UNT Athletics Working to Advance Equity

by BoCarter | Posted on Thursday, November 29th, 2018


The following opinion piece was written by Ms. Simreen Kheraj for an advanced sports journalism class at the University of North Texas:

By Simreen Kheraj
UNT Athletics Working to Advance Equity
In Men’s, Women’s Sports
The University of North Texas athletics program consisted of 441 student athletes, in 2016, 56 percent of which were female athletes. Unlike many NCAA Division I universities, North Texas’ sports teams are dominated by women’s sports, eight belonging to women and only four to men. Even though male sports make up a third of the athletics at North Texas, the women only receive around 73 percent of the financial aid than the men do.
Not only are the female athletes receiving less money than male athletes, the men’s teams head coaches made an average of $178,138, while the women’s head coaches averaged $57,741. The women athletes and coaches make up a majority of the North Texas athletics program, yet the funding for them are lacking.
Although the women’s sports seem to be undervalued at North Texas, the women’s only bring in $6 million in revenue while men’s sports earn $10 million.
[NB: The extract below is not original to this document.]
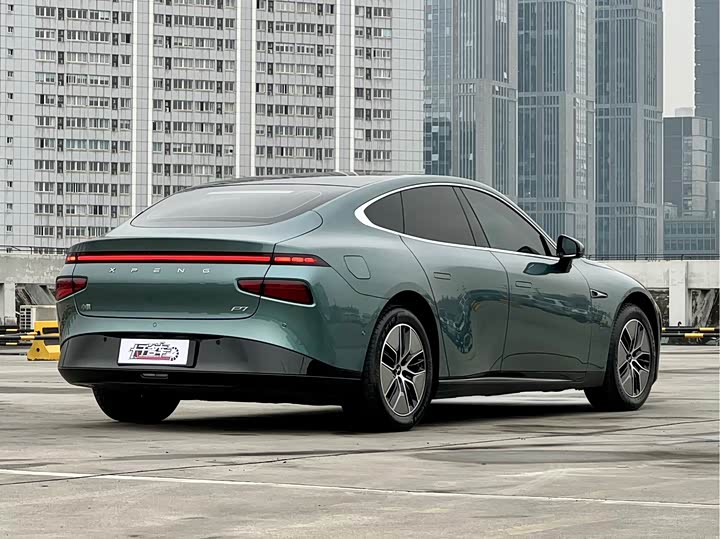 Фото 5 - XPeng P7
The correlation of revenue and funding may be the reason for the gender disparity.
North Texas takes pride in the diversity, equity, and inclusion policies, but they somehow seem to be overlooking the wage gap and scholarship inequality in sports. This issue has always been a major issue in the media and sports industry as well, North Texas is not alone in this matter.
Male athletes and coaches sign multimillion dollar contracts while female athletes rarely make more than $100,000 annually. The lack of value is universal and it must come to an end universally. The issue, being as deep-seeded as it is, depends on many variables in order to close such a gap.
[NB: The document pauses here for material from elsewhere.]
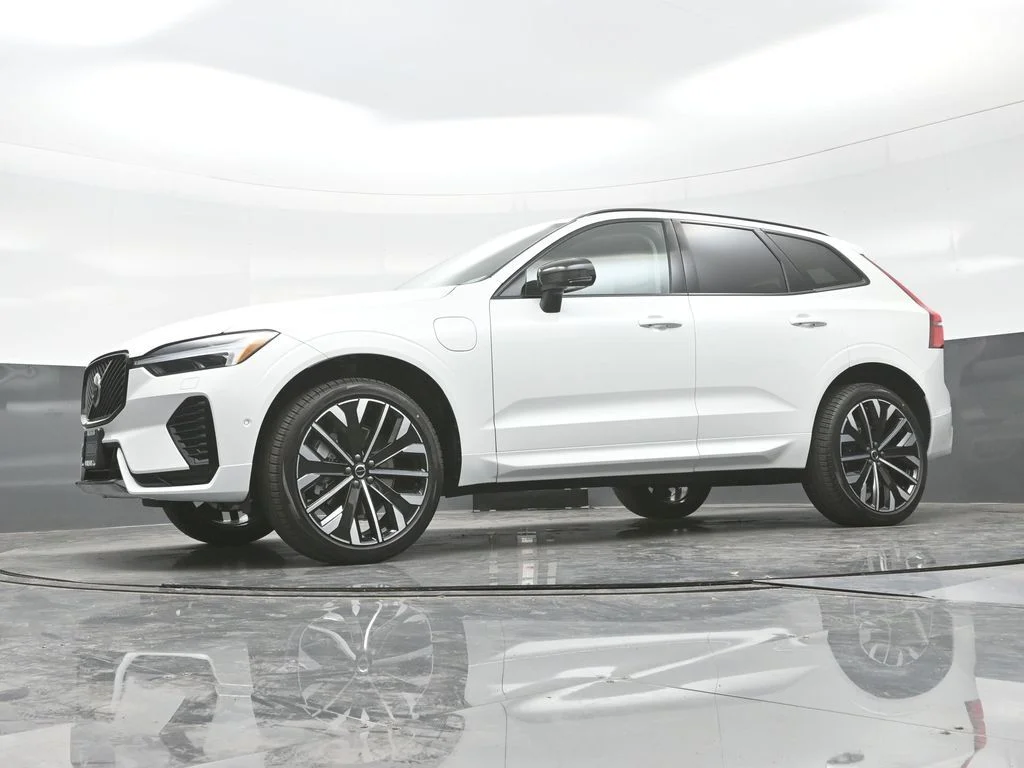 New 2026 Crystal White Volvo T8 Ultra image 22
In order to do so there must be an increase in revenue, which is a direct result of an increase in attendance. Women’s sports lack popularity and awareness on campus and within the media.
This issue is nothing new to the sports industry and the circumstances are not limited to North Texas. Women’s sports even on the professional level are undervalued, for example, the Women’s USA soccer team has prove to be much more successful than the Men’s USA team. Even though the women are more decorated, their supporters section and their salaries don’t even compare to the men’s. In my opinion, we need to take a look at sports media and change the approach to advertising and covering women’s sports.